Problem details: Look in the listing below for the line that has "Bolsa de hombro", then return it and each following line up to and including the one with "2434 NE 1st", exactly and without pictures.

Supplied information:
+++++

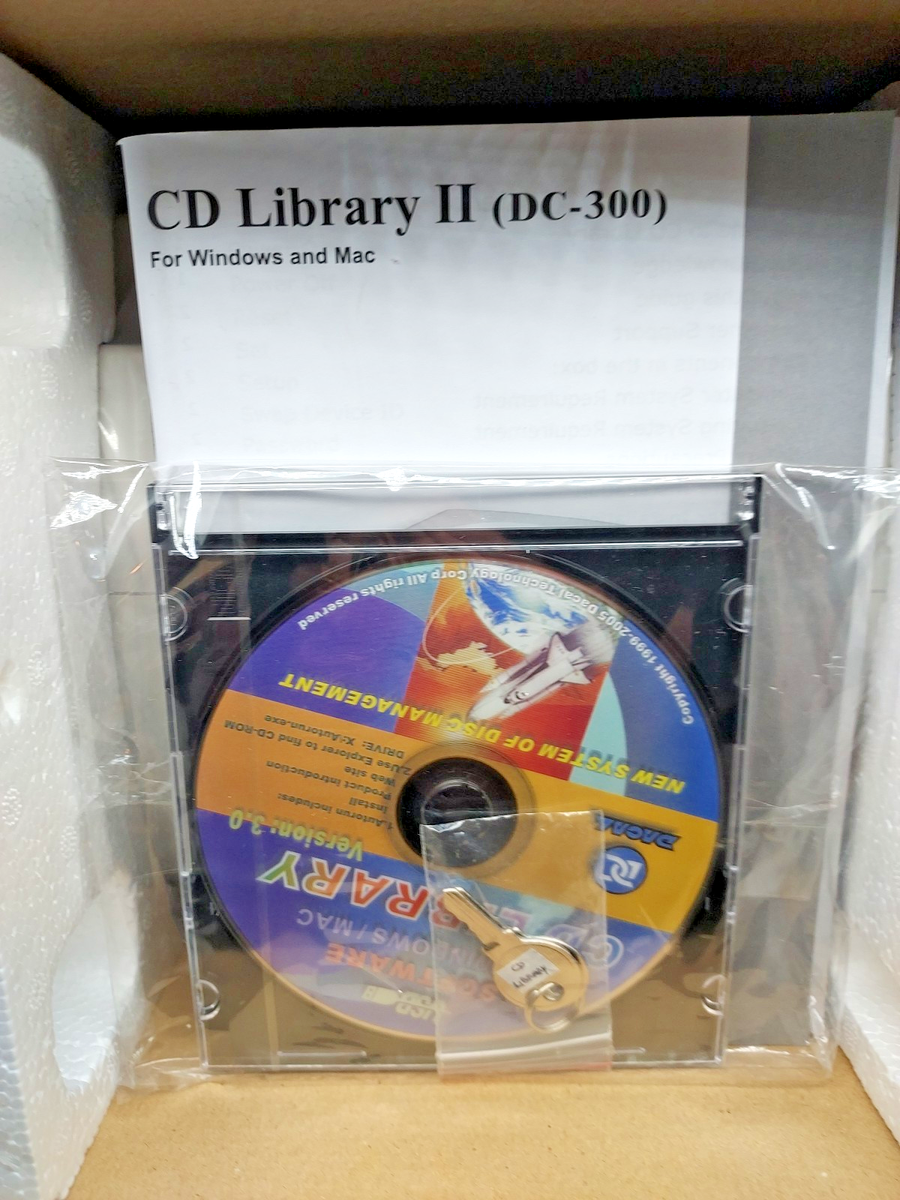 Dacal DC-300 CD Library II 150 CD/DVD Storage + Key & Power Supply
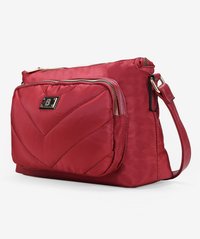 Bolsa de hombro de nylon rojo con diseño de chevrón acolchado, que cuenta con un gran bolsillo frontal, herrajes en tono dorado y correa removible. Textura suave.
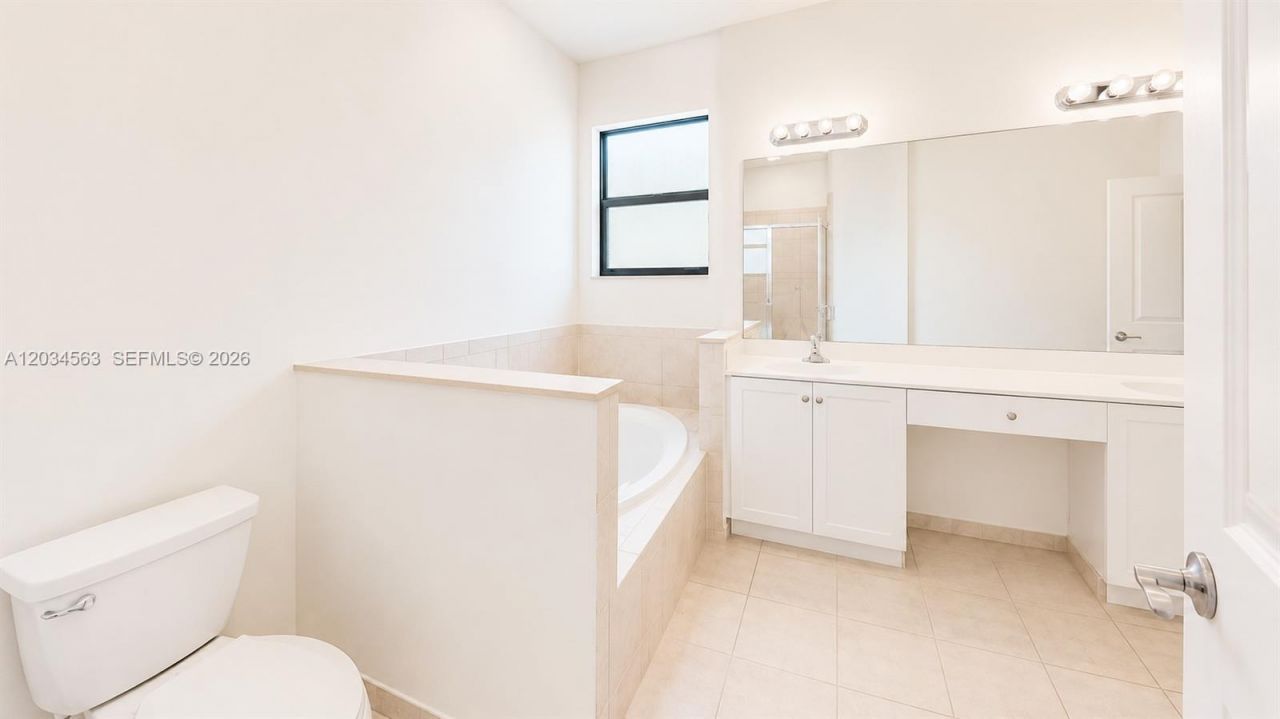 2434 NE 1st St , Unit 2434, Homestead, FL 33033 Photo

+++++

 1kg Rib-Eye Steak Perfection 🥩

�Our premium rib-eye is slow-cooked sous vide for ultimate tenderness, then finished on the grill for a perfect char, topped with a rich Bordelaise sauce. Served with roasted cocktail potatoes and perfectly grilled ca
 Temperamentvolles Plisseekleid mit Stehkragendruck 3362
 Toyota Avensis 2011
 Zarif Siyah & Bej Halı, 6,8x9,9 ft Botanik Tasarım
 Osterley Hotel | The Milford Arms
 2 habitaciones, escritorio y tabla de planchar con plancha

+++++

Task solution:
 Bolsa de hombro de nylon rojo con diseño de chevrón acolchado, que cuenta con un gran bolsillo frontal, herrajes en tono dorado y correa removible. Textura suave.
 2434 NE 1st St , Unit 2434, Homestead, FL 33033 Photo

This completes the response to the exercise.